Monday, March 8, 2010

Been a long time coming


Oh no! What's this? A happy girl?

Things are slowly but slowly changing at EMU. I haven't written in quite a while, I know, but I have been busy. the sustainability fever is growing at EMU and others are getting into it.

Last fall I wrote a proposal for a grant to help form a sustainability unit here and since that time I have been working on being a part of a group, which, since I have been here has not been easy. I have not fit in well in Michigan. Once again the prophetic words of my mentor ring out clearly: You can take the girl out of California, but....

So now, 10 years later Michigan is ready to move in the direction I was headed while still in grad school all so many years ago. But come to think of it, USC was also not ready to hear the kinds of things that were going through my (and many others) heads.
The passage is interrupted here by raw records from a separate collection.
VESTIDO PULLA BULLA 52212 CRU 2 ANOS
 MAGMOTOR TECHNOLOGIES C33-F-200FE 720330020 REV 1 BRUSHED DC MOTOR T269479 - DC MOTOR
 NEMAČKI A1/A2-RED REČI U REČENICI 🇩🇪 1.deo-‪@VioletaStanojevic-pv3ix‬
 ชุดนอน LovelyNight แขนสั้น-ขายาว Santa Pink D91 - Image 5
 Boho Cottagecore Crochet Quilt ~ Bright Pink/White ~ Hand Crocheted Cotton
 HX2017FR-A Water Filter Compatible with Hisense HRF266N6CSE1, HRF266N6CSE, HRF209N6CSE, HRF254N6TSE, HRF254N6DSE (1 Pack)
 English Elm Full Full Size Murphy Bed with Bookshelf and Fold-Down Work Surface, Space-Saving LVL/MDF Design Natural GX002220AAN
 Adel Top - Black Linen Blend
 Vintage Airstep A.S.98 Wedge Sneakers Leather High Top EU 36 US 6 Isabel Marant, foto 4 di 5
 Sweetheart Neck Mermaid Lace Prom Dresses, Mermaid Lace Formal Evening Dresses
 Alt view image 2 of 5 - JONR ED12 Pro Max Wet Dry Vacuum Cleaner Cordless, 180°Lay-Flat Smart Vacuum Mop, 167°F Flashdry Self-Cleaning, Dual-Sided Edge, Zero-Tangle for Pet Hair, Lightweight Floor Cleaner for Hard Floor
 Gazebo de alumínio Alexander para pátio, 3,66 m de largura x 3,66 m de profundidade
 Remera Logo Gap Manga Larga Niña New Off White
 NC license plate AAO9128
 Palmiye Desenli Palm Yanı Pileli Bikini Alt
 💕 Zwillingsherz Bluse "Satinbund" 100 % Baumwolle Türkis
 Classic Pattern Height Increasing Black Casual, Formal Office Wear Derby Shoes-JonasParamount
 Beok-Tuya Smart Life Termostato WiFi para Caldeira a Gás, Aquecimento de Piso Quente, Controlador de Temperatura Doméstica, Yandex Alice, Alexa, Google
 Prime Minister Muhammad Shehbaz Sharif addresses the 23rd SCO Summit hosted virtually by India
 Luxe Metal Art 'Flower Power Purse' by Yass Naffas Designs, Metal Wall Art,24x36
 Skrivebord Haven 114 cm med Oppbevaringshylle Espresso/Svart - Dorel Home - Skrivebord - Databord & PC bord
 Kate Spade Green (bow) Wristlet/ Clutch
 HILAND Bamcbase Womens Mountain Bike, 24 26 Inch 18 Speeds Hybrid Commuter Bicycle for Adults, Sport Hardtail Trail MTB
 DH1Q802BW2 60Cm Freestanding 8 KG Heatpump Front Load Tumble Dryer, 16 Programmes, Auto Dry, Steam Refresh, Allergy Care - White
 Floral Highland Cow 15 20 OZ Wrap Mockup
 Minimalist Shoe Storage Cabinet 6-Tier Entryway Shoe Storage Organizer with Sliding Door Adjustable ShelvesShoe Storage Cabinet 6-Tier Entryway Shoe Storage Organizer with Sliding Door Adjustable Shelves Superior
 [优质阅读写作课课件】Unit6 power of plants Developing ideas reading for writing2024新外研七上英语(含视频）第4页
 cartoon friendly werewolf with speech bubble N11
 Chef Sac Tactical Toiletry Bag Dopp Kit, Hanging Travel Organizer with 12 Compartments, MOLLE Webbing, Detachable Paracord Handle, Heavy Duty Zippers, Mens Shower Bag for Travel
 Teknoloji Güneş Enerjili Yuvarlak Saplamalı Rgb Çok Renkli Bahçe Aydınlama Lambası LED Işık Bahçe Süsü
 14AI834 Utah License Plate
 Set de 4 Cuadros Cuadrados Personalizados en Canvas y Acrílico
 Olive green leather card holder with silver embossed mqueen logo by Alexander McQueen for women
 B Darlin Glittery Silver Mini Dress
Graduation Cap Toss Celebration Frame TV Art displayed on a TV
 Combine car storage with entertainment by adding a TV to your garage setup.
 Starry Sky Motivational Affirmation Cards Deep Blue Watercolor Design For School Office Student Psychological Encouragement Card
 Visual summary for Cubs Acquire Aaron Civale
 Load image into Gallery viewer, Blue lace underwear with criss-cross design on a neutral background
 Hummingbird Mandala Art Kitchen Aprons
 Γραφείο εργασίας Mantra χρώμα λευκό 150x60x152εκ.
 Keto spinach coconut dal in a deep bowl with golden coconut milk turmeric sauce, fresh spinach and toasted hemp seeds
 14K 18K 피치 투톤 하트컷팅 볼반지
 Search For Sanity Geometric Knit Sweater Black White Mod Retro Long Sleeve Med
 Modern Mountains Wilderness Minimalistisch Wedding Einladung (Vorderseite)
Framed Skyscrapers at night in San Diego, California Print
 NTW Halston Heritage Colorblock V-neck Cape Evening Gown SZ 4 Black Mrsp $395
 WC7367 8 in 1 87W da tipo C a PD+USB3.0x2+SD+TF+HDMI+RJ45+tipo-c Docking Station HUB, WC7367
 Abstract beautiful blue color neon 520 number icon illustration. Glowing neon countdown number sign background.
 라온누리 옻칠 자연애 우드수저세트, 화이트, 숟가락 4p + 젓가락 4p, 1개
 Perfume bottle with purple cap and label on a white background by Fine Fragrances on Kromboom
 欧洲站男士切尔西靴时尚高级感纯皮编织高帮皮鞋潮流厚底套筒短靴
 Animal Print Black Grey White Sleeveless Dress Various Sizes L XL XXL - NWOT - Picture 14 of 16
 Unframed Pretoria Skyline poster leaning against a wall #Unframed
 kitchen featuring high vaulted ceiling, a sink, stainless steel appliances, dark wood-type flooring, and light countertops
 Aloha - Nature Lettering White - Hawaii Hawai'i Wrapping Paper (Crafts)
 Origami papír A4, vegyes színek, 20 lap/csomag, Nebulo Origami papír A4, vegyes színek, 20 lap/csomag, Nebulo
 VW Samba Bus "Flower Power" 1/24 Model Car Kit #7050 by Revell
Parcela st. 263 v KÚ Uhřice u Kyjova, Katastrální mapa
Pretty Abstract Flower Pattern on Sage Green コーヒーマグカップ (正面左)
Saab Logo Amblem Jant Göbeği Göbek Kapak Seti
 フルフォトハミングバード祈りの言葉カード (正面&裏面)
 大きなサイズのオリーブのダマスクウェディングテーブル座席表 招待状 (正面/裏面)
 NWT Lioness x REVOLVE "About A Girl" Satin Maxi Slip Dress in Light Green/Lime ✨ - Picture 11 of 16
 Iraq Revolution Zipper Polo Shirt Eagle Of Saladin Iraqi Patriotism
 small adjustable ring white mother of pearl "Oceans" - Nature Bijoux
I will never forget a professor there who told me when I started to talk about negative feedback: Chris, you have to stop being so negative.

I was negative probably way too much because she had no idea what I was talking about, even though there were scores of articles dealing with negative and positive feedback. I was interested in living in a steady state world, rather than the one I found myself in operating from crisis to crisis. Of course, I still live in that positive feedback world, the world where one small thin amplifies beyond control. It what happens when you work in a reductionist -fragmented way, the way we have all been taught, but which for some of us stuck in our craw.

So, now at EMU things are slowly changing. I have started another sustainable class (Sustainable Cities) and we are working with setting up some indicators for the city of Ypsilanti - something to measure how we are doing in being sustainable. Ann Arbor has indicators and we are using them amongst others to set up our own. It is a good way to study where our city is in relation to others, as well as to learn what are the elements of a sustainable city.

But beyond that movement, Liz Palmer has taken over the sustainable development class, and Tom Wagner is interested in teaching the sustainable cities class, and that may allow me to begin another class: this time on consumerism. Last October I was fortunate to be able to go to Vermont to learn about what is happening there in the way of sustainable education, and there I met Stephanie Kaza and she teaches a class called "unlearning consumerism" and that is where I want to go next. I am hoping that she and I will be able to continue our conversation and I will receive more inspiration from her on that subject.

But even more! has happened. My proposal for bringing other faculty into sustainability was granted and we had our first meeting last month. I have chosen to focus on three aspects of sustainability for each of our months:
1. local. What is happening in Michigan that we should be aware of.
2. more local. What is happening at EMU that we should be aware of.
3. bringing sustainability into the whole school. Where we can go next.

I have been fortunate to have speakers for each:
1. Janet Kaufmann spoke last month on how our dairies have changed in the past 10 years, especially in the Hudson area of south central Michigan. The dangers of factory farming has taken on its own horrors in our state. She has been talking and writing about it for years now. I was fortunate to meet her when I first arrived and kept contact. She stimulated a lot of conversation.
2. Steven Moore has been in our physical plant at EMU for a few years now and has been working to find more efficient means of using energy at EMU. He will be discussing the headway he has made. That will be this Friday in the library at 2PM.
3. Terry Link will be talking about what a sustainability director does. I met him now 3 years ago when he had this job at MSU. He has since left but has kept the way of thinking and kept in contact. He will add a lot of information to what we can do and how we can grow sustainably at EMU. April 9.

The faculty group I have been working with are still people that I still do not know well, but it is obvious that they are all committed to learning more about what sustainability is and how to incorporate it into their classes, and so it has forced me to go deeper into what I have learned and how I operate. I am fortunate to have this opportunity and look forward to learning from them as I teach.

It is a good case of negative feedback to make me work without going off because it moves so slow and I want to move faster. All this forces me to fill in blanks that I may have overlooked in my path toward the sustainable. but it is also positive feedback, that initial break with the continuum that changes everything. See I can be positive!